Trevor had the sight all to himself -- no one was out tonight, everyone was busy preparing for the holiday. He had heard the English phrase "a feast for the eyes," and this must be what it meant, he thought. At the center of this creation was a graceful vase, taller than himself, made of thin golden fabric stretched over a fine, invisible frame and illuminated from within, like a giant lantern. A huge "branch" of pink peach blossoms rose from it and spread out above at an angle, also made of glowing silk and looking like some kind of fabulous floral snake rising against the twilight sky. All around the vase, making up the rest of the display, were giant-sized silk flowers, butterflies, birds, and fruits -- gold, geen, pink, rose, violet -- each one an intricate lantern, each a combination of warm colors different from all the others. As a painting, it would have been impressive; as a three-dimensional creation the size of a small house, it hardly seemed believable.

He stood stopped in his tracks, his mouth agape. He had never seen anything like it, certainly never at the end of his grandmother's street, waiting there for him alone, like something in a dream.

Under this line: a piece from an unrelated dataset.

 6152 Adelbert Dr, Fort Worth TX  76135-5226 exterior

Not even in America had he seen such a beautiful thing, not in New York or Boston or Washington or San Francisco, all the places he'd managed to visit in his time there. Americans had all kinds of holidays and decorations, and yet when it came right down to it people there were sort of held-in and private about their big celebrations -- everything happened inside private homes, not in the streets. He remembered that Christmas Eve in Boston when he and the three other Asian students he was traveling with over the break discovered the muted way Westerners celebrated their holidays. After having an early meal in a little Thai restaurant, they decided to go out and walk the streets, join the throngs and see what everyone was doing, just as he and his friends always did in Macao or Hong Kong on any big holiday. They were shocked and confused when they found the wide, brightly lit downtown streets utterly empty and desolate, as if something terrible, and not Christmas, the biggest western holiday of all, had happened. A doorman at a big hotel told them that if they wanted to see crowds, they should maybe go to church, but that wasn't quite what they'd had in mind.

He looked appreciatively for a few more minutes at the feast of light and color someone had laid on for him, and for the other people who lived on or were visiting this little island. He'd been looking for a small taste of kindness, a bit of reassurance, from somewhere. Maybe this would have to do. Maybe this was what "Home Sweet Home" meant to Mrs. Molly Morehead.